Notifications You must be signed in to change notification settings

bramgrooten/DeepRL-for-Hanabi

Repository files navigation

Deep RL for Hanabi

This is the repository for the project: Deep Reinforcement Learning for the cooperative card game Hanabi, by Bram Grooten and his master thesis supervisors: Jelle Wemmenhove, Maurice Poot, and Jim Portegies. Read the corresponding paper here. Our code builds upon the Hanabi Learning Environment provided by DeepMind.
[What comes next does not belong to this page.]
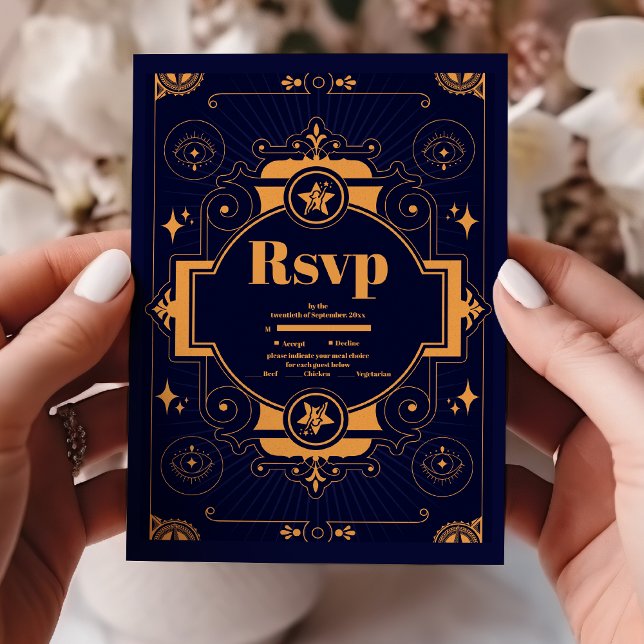 Elegant Celestial Wedding RSVP Karte (Von Creator hochgeladen)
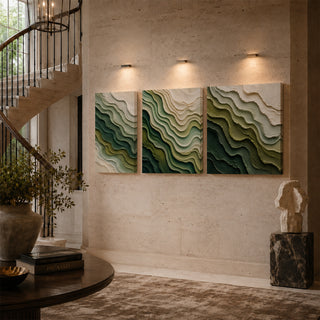 Green contour abstract relief canvas triptych on a stairwell wall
Folder structure of this repository

drl_for_hanabi/                     # directory that we have added
    algorithms/                     # the main algorithms: SPG, VPG, PPO
    experiments/                    # files to train the agents with different settings
    extra/                          # some extra algorithms, not used in the paper
        decentralized/              # files that make decentralized test runs possible
                                    # (all training is done in a centralized manner)
        rule_based/                 # some rule-based agents (no learning involved)
        supervised/                 # imitation learning approach
        tabular/                    # a Q-learning agent
    utils/                          # often used utilities, like action & state representations

hanabi_learning_environment/        # the actual HLE
    rl_env.py                       # the main reinforcement learning environment
    rl_env_adjusted.py              # some adjustments added by us

.gitignore                          # for git
Hanabi_paper_with_appendix.pdf      # the paper corresponding to this project
README.md                           # this file
requirements.txt                    # packages that need to be installed

clean_all.sh                        # files from DeepMind's HLE
CMakeLists.txt
LICENSE
pyproject.toml
setup.py

How to install

You need some version of Linux to be able to run this. A Windows Subsystem for Linux (WSL) works as well. See an installation guide for WSL here. To be able to use WSL with PyCharm on Windows, see this useful guide.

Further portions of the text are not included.